Self updating map
As a consequence, the opportunity to develop versioned road maps, programmatically interoperable via SPARQL is now at hand.
Simultaneous to the expansion of the TCGA, the tooling required for enabling computational ecosystems for data-driven medical genomics (Almeida, 2010) is maturing rapidly, to the point that tools operating within and providing such ecosystems are beginning to appear (Almeida , 2012b).
According to the company, each Tele Atlas map updated – of which there is at least one per quarter – includes “thousands of miles of new roads and Points of Interest”.
It also takes into account changes and corrections made through Tom Tom’s Map Share service, where users can notify the company of any incorrect mapping they have come across.
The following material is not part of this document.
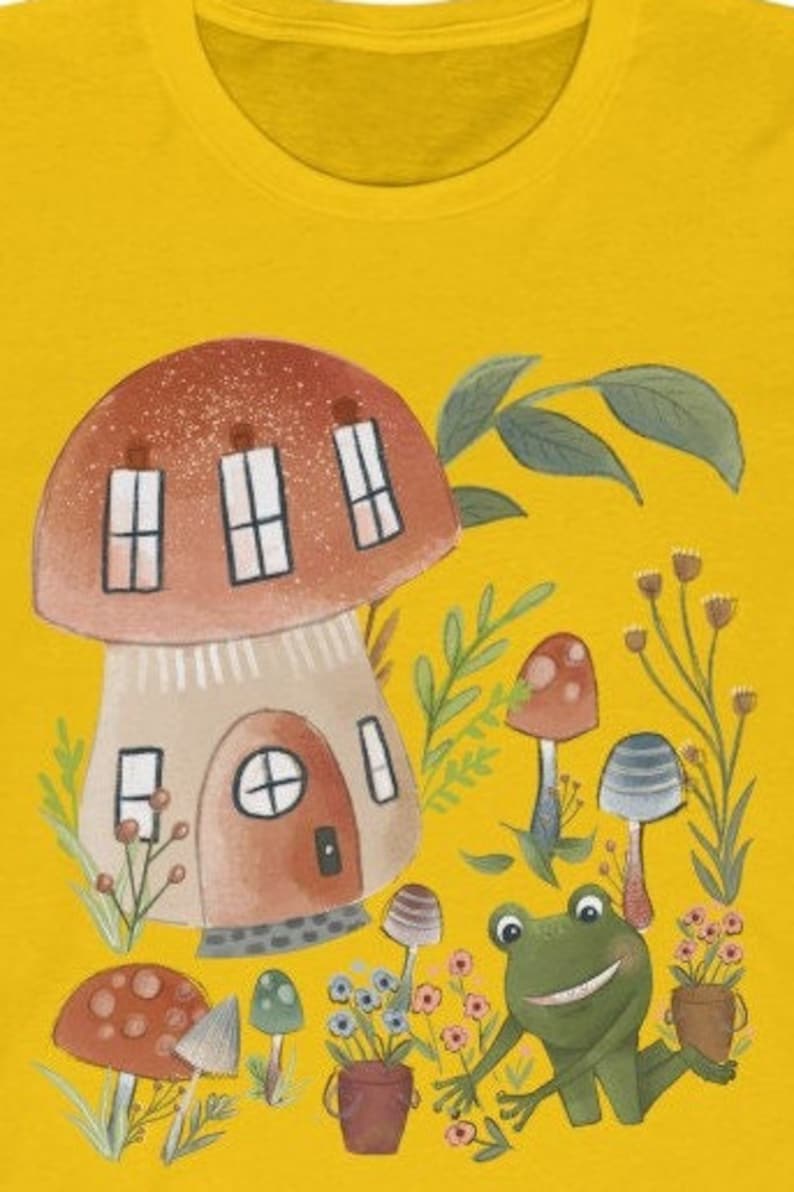 K&ouml;nnte beinhalten: Ein gelbes T-Shirt mit einer Cartoon-Illustration eines Pilzhauses, eines Frosches und anderer Pilze. Das Pilzhaus hat ein braunes Dach und einen beigefarbenen K&ouml;rper mit Fenstern und einer T&uuml;r. Der Frosch ist gr&uuml;n mit einem gro&szlig;en L&auml;cheln und sitzt auf dem Boden. Die Pilze sind rot und braun mit wei&szlig;en Flecken.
More importantly, in 2011, there was a momentous change in the level of data interoperability of the TCGA data repository: data files are now available directly through HTTP calls to a central directory, located at Jac.
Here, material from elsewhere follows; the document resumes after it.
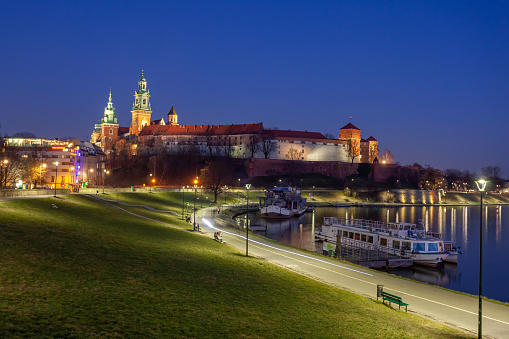 Krakow, Poland - 14 March, 2022: Wawel hill with castle in Krakow at night, Poland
This opens entirely new opportunities for interactive reproducible data analysis and visualization.
These specific design elements align with the concept of knowledge reengineering and represent a sharp departure from top-down approaches in grid initiatives such as Ca BIG.
As a consequence, an attempt to use the 2010 RDF road map linked above to traverse the current contents of the TCGA initiative is likely to produce a significant number of unresolvable links to data files.The concern that the web browser is computationally inefficient for advanced numerical procedures has also been amply overcome, as we found when identifying sequence analysis procedures making use of the Map Reduce (Dean and Ghemawat, 2008) distributed computing template (Almeida , 2012).A core requirement of applications operating within such a computational ecosystem is the ability to discover, access and analyze subsets of large data services, as underscored by the recent doubling of the number of recognized breast cancer subtypes (Curtis , 2012), themselves make use of broad datasets, their results are often the starting point for further study of the numerous biomolecular bases for tumorigenesis.Creation of such a road map represents a significant data modeling challenge, due to the size and fluidity of this resource: each of the 33 cancer types is instantiated in only partially overlapping sets of analytical platforms, while the number of data files available doubles approximately every 7 months.Results: We developed an engine to index and annotate the TCGA files, relying exclusively on third-generation web technologies (Web 3.0).